I can’t think of any real good examples that go against that theory. I’d say Serj Tankian for System Of A Down (and Daron Malakian) is an example of a guy who sings aggressive music at a very high pitch, but SOAD is an incredibly liberal band as well, and not really an example of a working-class Chevy truck drivin’ man’s preferred music.
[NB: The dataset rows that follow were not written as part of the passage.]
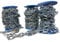 Elkoza DIN 5685 Heavy Duty Hot Dipped Galvanised DIY Strong Short Link Steel Chain (3mm Galvanised Chain, 3 Meter Chain)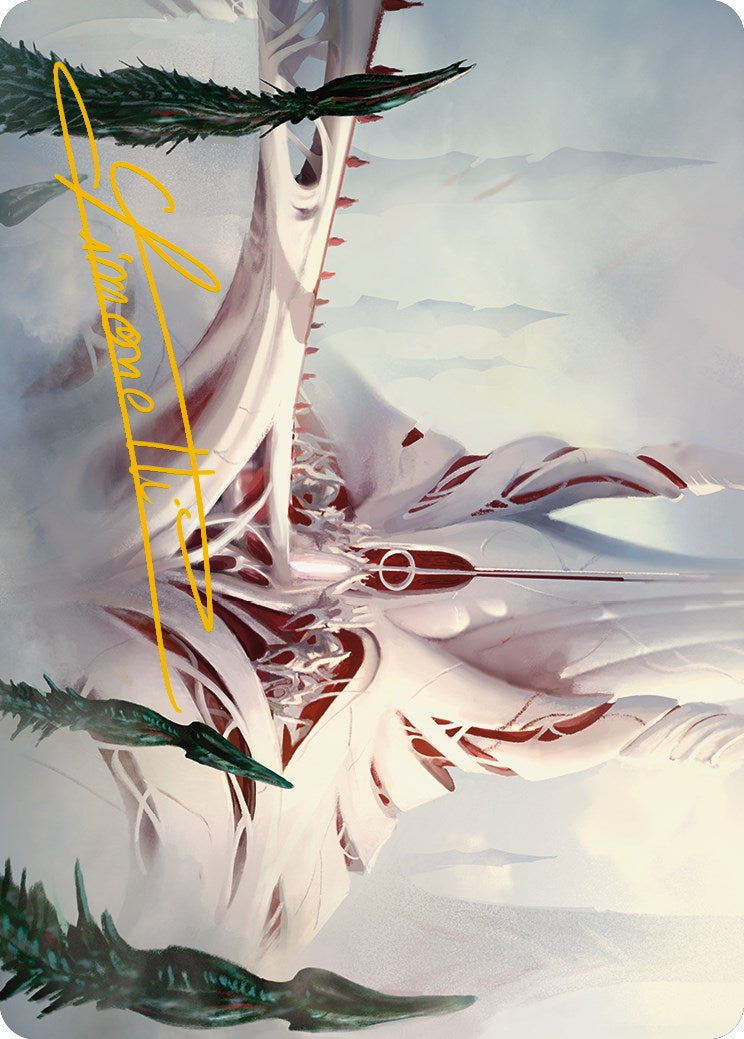 The Fair Basilica Art Card (Gold-Stamped Signature) [Phyrexia: All Will Be One Art Series] | Exor Games Truro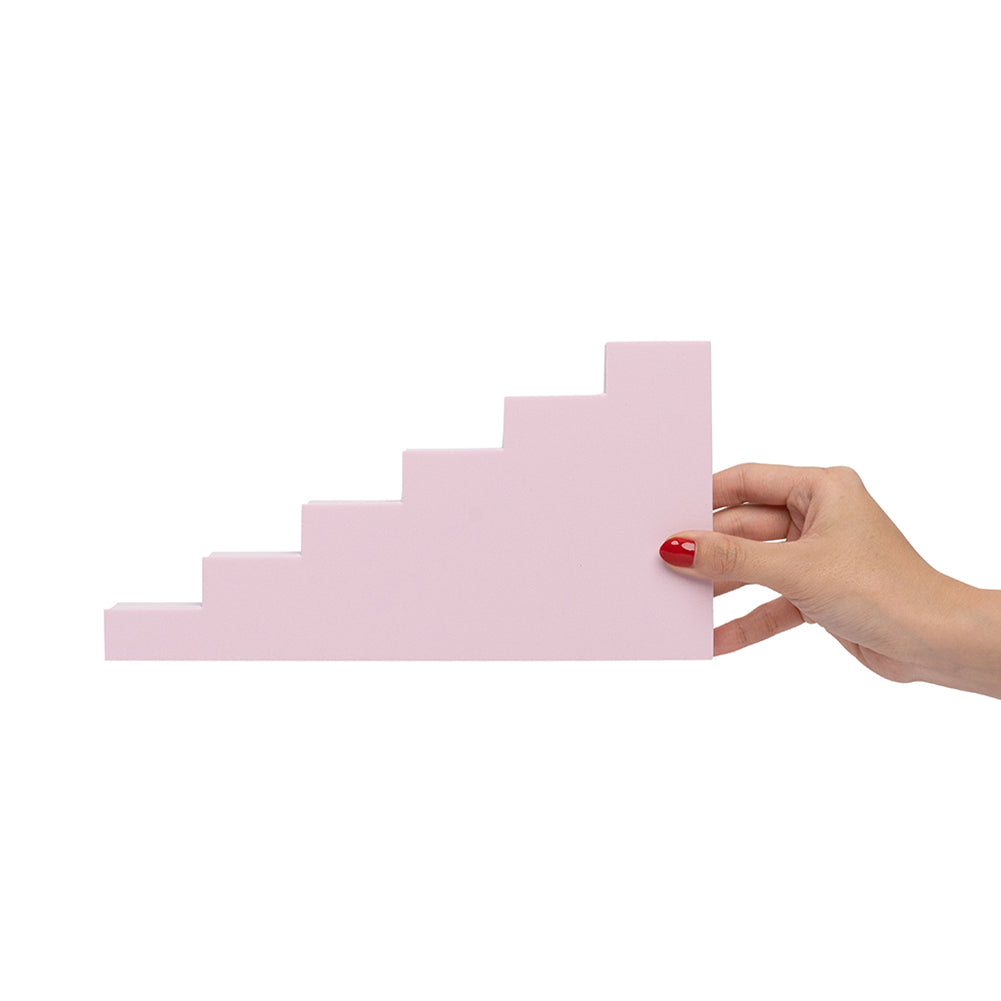 4 Piece Geometric Foam Styling Prop Set for Photography - Peony Pink | Backdrop Props for Product Photography, Instagram Flat Lays & Creative Styling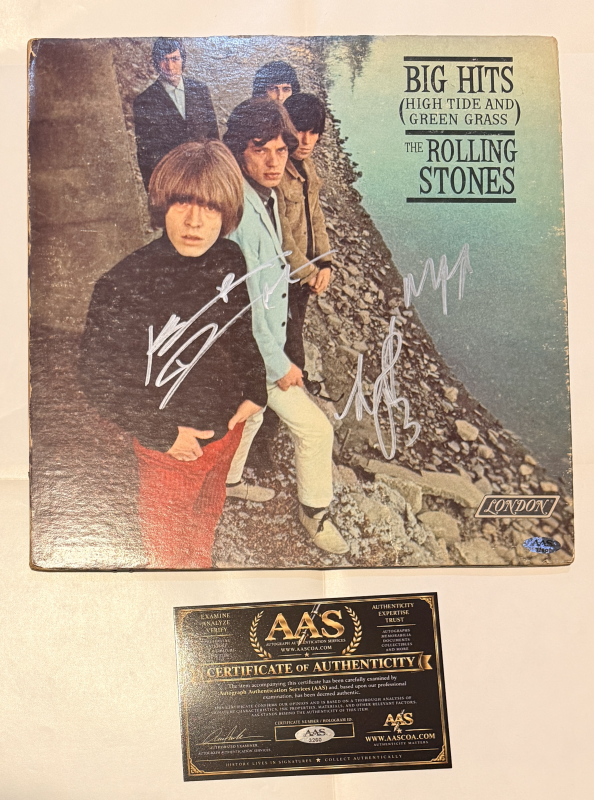 Rolling Stones Autographed Album KEITH MICK CHARLIE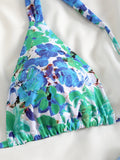 2025 Brazilian Thong Bikinis Strappy Swimsuit Women Sexy Printed Swimwear Female Bathers Swimming Bathing Swimming Swim Suit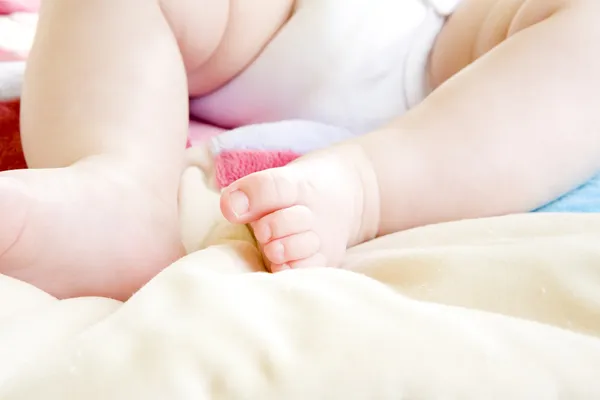 Pés de bebé — Fotografia de Stock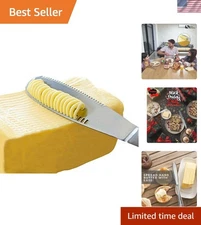 Ambidextrous Stainless Steel Butter Spreader - Perfect for Smooth Applications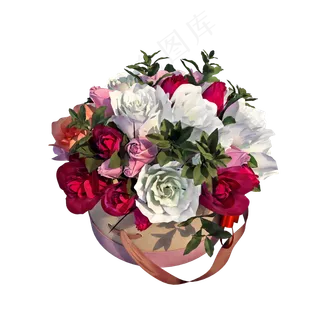 玫瑰花礼盒png图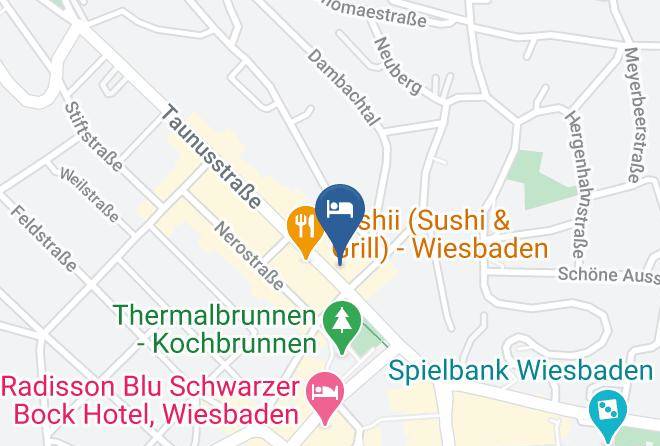 Wiesbaden - Hotel Am Kochbrunnen Maps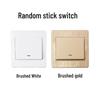 Wireless Smart Dual Control Stick-On Light Switch with Brushed Panel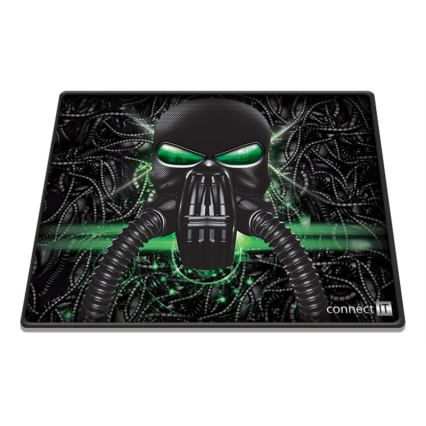 CONNECT IT CMP-1100-SM - Mauspad 32x24,5 cm schwarz/grün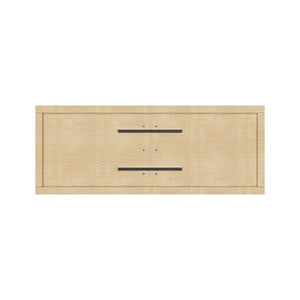 English Elm Modern Wavy Wall-mounted Queen Headboard with Organic Wood Grain Bohemian Bedroom Texture Oak W1820P407911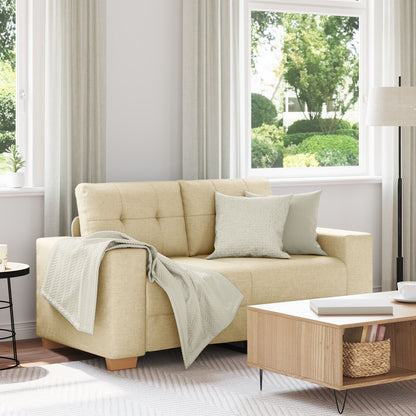 Loveseat Sofa Stof Crème 120 cm
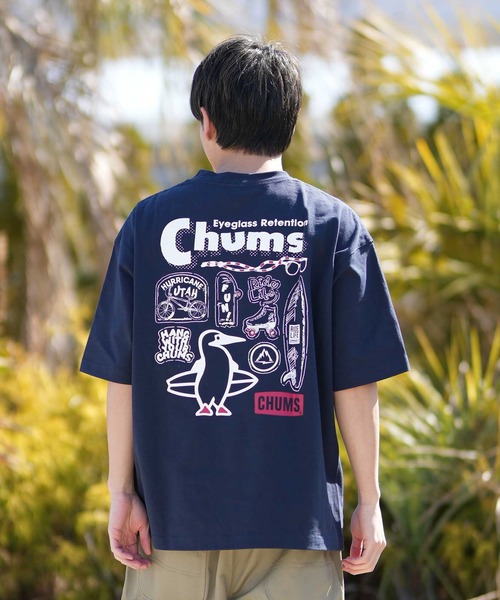 CHUMS(チャムス)の「【ムラサキスポーツ限定】CHUMS/チャムス 半袖Tシャツ バックプリント CH01-2413(Tシャツ/カットソー・メンズ・グレイッシュベージュ/ブラック/ホワイト/ブルーグリーン/ライトベージュ/チャコール/ネイビー・S/M/L/XL)」の13枚目の写真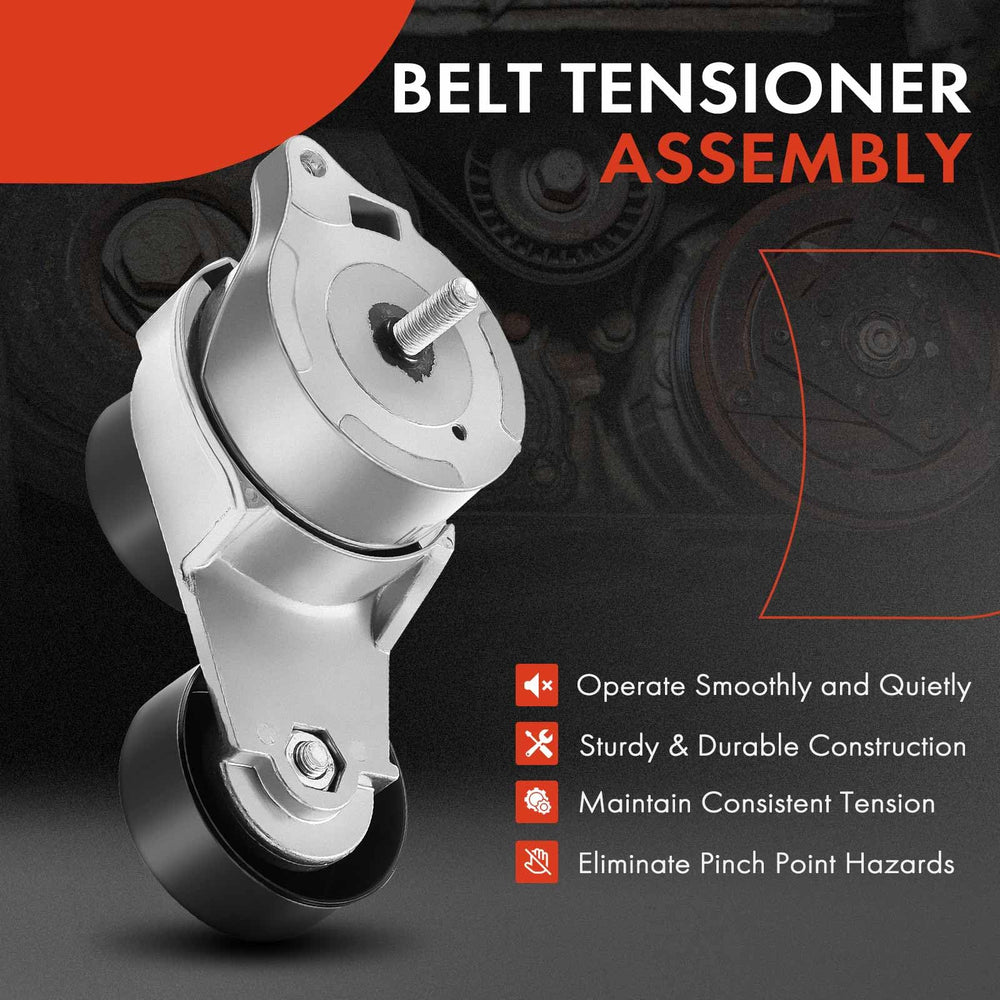 A-Premium belt tensioner assembly right view showing robust build and fitment compatibility.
And with Pearl Jam, who unfortunately spawned a lot of hacks trying to be like Eddie, has shown a much different range over the course of their career and has hardly stuck with the more arena style rawk of Ten (although lyrically, even Ten is far better and more intelligent than anything bands like Creed and Nickelback ever even came close to approaching).

12 01 2008
Jon Goldberg

Nickelback is Canadian.

12 01 2008
Nils Reid

Keg Stand = Loads of Booze = Shot Vocal Chords = Nickleback = SUCK

And, I agree, they are Canadian after all.

12 01 2008
scheity

What continent is Canada on, gentlemen?

12 01 2008
Scott

Can I take Ben Folds for the block?

Not Shitty Emo. Not Shitty Deep.

12 01 2008
Scott

I’ll take Ben Folds for the block.

Not Shitty Emo. Not Shitty Deep Voice.

12 01 2008
obeese

I miss Soundgarden. So much.

22 01 2008
Drew

you need to listen to The National.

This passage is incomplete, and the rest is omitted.